Compassion in Politics: Christian Social Entrepreneurship, Education Innovation, & Base of the Pyramid/BOP Solutions

Criticism of Crowdsourcing

October 30, 2009 · Leave a Comment

I’m fascinated with the concept of crowd sourcing whether it be iStockphoto, Threadless, Crowdvine, eLance, the social news site Digg, or the local company Studio Now which crowd sources video production. I’m equally fasinated with companies that experiment with it as a way of collaboration or market it, including those who successfully deploy it like Starbucks.

A recent Forbes article lodged an interesting critique of Crowd sourcing or perhaps identified a prominent misconception about crowd sourcing which could lead to misleading expectations and perhaps even failure:

For the past 10 years, the buzz around open source has created a similar false impression. The notion of crowds creating solutions appeals to our desire to believe that working together we can do anything, but in terms of innovation it is just ridiculous.

There is no crowd in crowdsourcing. There are only virtuosos, usually uniquely talented, highly trained people who have worked for decades in a field. Frequently, these innovators have been funded through failure after failure. From their fervent brains spring new ideas. The crowd has nothing to do with it. The crowd solves nothing, creates nothing.

The author continues

So what’s my problem? Why does it bug me that people think crowdsourcing is something it is not?
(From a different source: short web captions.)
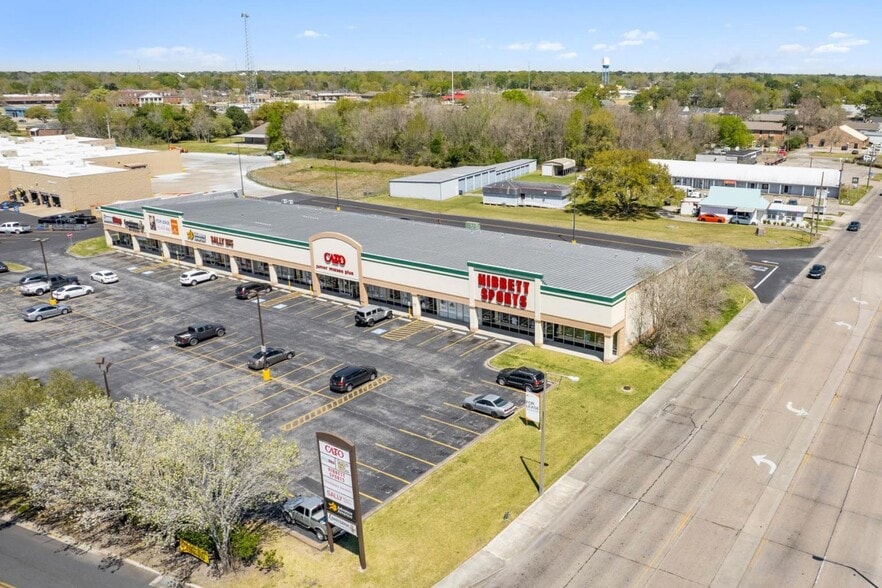 1002 Jefferson Terrace Blvd, New Iberia, LA à louer - Photo du bâtiment - Image 3 de 9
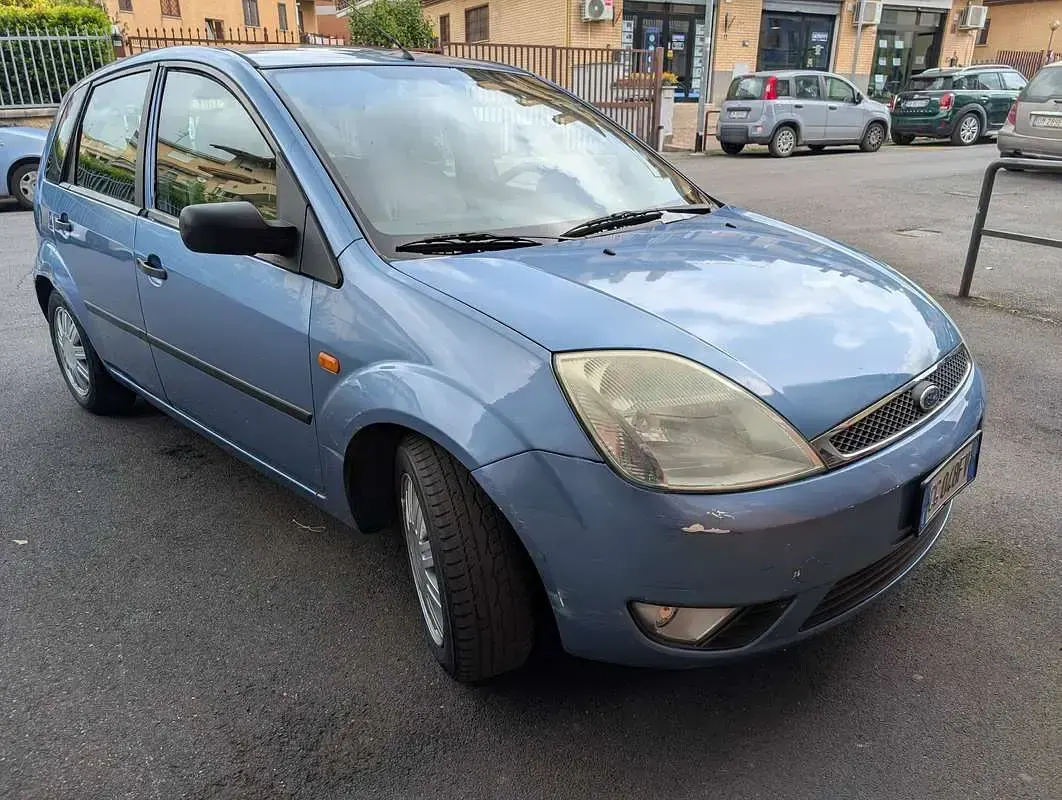 Begagnad Ford Fiesta Ghia 75 HK (55 kW) 2003 Blå Halvkombi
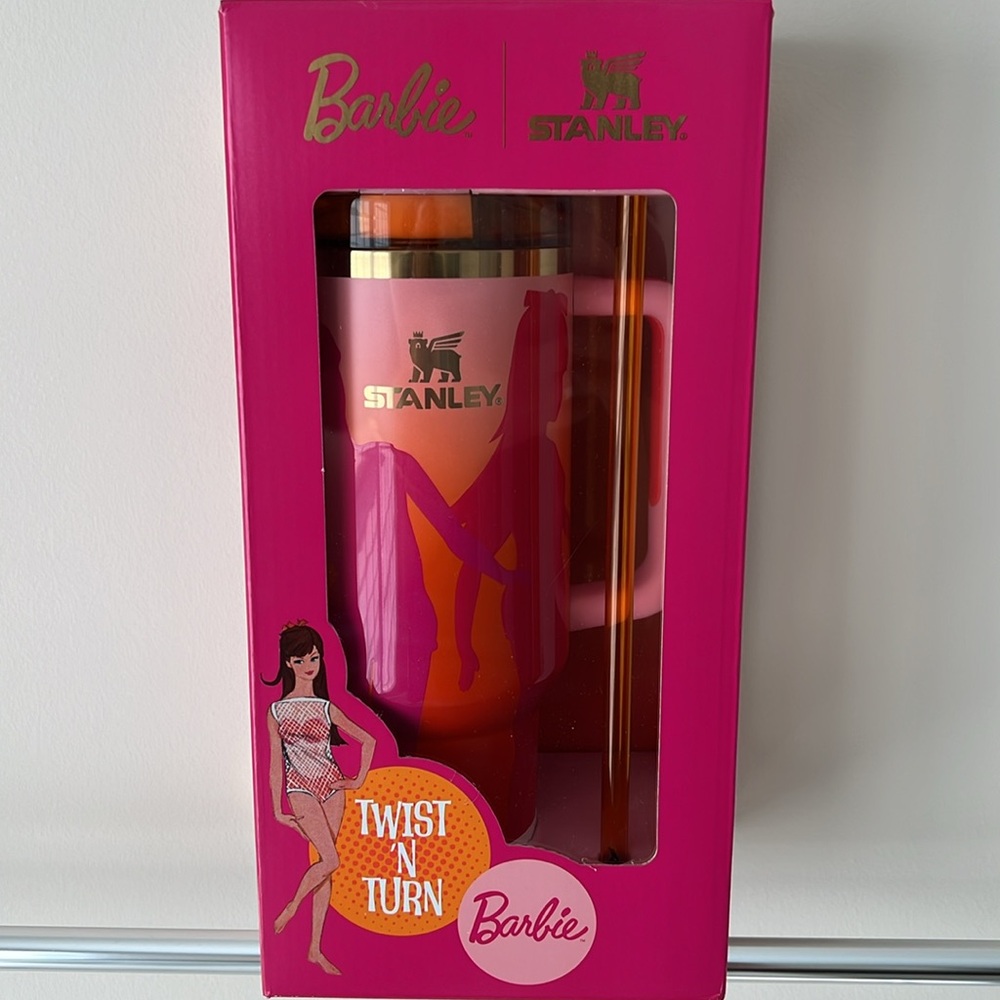 NEW Stanley BARBIE '60S TWIST 'N TURN
40 OZ QUENCHER - Picture 3 of 16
Why do I care that people think a crowd is capable of individual virtuosity? What bugs me is that misplaced faith in the crowd is a blow to the image of the heroic inventor. We need to nurture and fund inventors and give them time to explore, play and fail. A false idea of the crowd reduces the motivation for this investment, with the supposition that companies can tap the minds of inventors on the cheap.

Does crowdsourcing exist as it is popularly conceived? Yes, it does, but it doesn’t have anything to do with innovation. Jigsaw, the community-created database of 16 million business contacts, is crowdsourcing.

It sounds to me that collaboration isn’t magic and its not a panacea. Similarly there isn’t an invisible hand which will just make your website like the passionate communities on Craigslist, Wikipedia, Yelp, or Facebook. Those communities are built…

Perhaps this article goes too far in criticizing the role of collaboration, but does point to a more balanced and more truthful approach to social networking communities, collaboration in enterprise 2.0, and social media.

What other criticisms have you seen? How do you believe this changes the nature of the discussion over crowd sourcing or what makes a crowd sourcing community successful?